2. For the liturgy, "through which the work of our redemption is
accomplished," [1] most of all in the divine sacrifice of the
eucharist, is the outstanding means whereby the faithful may express in
their lives, and manifest to others, the mystery of Christ and the
real nature of the true Church. It is of the essence of the Church
that she be both human and divine, visible and yet invisibly equipped,
eager to act and yet intent on contemplation, present in this world and
yet not at home in it; and she is all these things in such wise that in
her the human is directed and subordinated to the divine, the visible
likewise to the invisible, action to contemplation, and this present
world to that city yet to come, which we seek [2]. While the
liturgy daily builds up those who are within into a holy temple of the
Lord, into a dwelling place for God in the Spirit [3], to the
mature measure of the fullness of Christ [4], at the same time it
marvelously strengthens their power to preach Christ, and thus shows
forth the Church to those who are outside as a sign lifted up among the
nations [5] under which the scattered children of God may be
gathered together [6], until there is one sheepfold and one shepherd
[7].
3. Wherefore the sacred Council judges that the following principles
concerning the promotion and reform of the liturgy should be called to
mind, and that practical norms should be established.

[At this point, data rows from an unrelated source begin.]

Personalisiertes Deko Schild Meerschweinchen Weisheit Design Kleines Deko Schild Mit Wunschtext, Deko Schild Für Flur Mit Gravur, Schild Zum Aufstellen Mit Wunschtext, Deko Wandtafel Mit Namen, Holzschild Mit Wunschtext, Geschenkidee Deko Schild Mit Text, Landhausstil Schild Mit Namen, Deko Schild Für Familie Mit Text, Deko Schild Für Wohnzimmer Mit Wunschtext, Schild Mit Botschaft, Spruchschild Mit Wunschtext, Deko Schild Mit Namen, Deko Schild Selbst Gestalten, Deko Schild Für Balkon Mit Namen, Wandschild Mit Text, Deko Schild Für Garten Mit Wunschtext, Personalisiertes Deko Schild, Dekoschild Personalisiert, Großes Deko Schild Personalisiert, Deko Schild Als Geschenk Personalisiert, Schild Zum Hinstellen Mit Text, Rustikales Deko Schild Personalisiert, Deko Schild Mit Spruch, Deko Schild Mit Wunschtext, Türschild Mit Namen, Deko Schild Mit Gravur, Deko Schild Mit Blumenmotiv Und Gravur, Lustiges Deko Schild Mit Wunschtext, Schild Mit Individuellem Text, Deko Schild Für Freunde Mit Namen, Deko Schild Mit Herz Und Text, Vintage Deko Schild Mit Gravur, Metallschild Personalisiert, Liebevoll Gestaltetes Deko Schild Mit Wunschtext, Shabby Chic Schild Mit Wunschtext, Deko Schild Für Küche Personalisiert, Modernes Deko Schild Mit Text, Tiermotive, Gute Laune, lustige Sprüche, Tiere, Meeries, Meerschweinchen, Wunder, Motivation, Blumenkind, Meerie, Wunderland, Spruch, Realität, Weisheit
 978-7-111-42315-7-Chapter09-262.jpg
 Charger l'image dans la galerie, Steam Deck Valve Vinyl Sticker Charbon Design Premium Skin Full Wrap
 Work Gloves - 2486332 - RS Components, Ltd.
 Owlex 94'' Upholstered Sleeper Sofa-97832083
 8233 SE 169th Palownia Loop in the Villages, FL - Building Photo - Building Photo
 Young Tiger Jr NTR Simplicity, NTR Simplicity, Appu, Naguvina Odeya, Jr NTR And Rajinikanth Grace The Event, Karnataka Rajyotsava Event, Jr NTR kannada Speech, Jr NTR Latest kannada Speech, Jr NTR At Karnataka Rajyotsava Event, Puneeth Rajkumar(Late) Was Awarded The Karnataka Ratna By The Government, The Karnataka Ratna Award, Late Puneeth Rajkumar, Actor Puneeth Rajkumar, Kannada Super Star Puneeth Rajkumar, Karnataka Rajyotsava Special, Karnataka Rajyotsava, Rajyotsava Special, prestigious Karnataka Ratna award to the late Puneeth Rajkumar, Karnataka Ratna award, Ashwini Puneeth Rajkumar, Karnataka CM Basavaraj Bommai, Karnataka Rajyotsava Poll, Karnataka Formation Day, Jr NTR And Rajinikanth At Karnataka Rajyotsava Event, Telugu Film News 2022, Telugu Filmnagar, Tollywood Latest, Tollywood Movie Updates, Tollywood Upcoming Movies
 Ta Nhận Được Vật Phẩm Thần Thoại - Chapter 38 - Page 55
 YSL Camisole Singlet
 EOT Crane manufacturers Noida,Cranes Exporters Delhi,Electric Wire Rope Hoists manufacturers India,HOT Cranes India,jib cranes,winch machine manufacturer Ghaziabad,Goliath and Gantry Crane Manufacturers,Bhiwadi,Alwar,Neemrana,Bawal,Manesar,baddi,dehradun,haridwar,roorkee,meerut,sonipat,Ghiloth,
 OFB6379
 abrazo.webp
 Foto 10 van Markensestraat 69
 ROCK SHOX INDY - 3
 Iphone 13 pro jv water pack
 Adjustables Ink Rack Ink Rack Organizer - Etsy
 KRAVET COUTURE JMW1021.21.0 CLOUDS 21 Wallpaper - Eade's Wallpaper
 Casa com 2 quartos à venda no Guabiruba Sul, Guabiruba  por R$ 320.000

Among these principles and norms there are some which can and should be
applied both to the Roman rite and also to all the other rites. The
practical norms which follow, however, should be taken as applying
only to the Roman rite, except for those which, in the very nature of
things, affect other rites as well.
4. Lastly, in faithful obedience to tradition, the sacred Council
declares that holy Mother Church holds all lawfully acknowledged rites
to be of equal right and dignity; that she wishes to preserve them in
the future and to foster them in every way. The Council also desires
that, where necessary, the rites be revised carefully in the light of
sound tradition, and that they be given new vigor to meet the
circumstances and needs of modern times.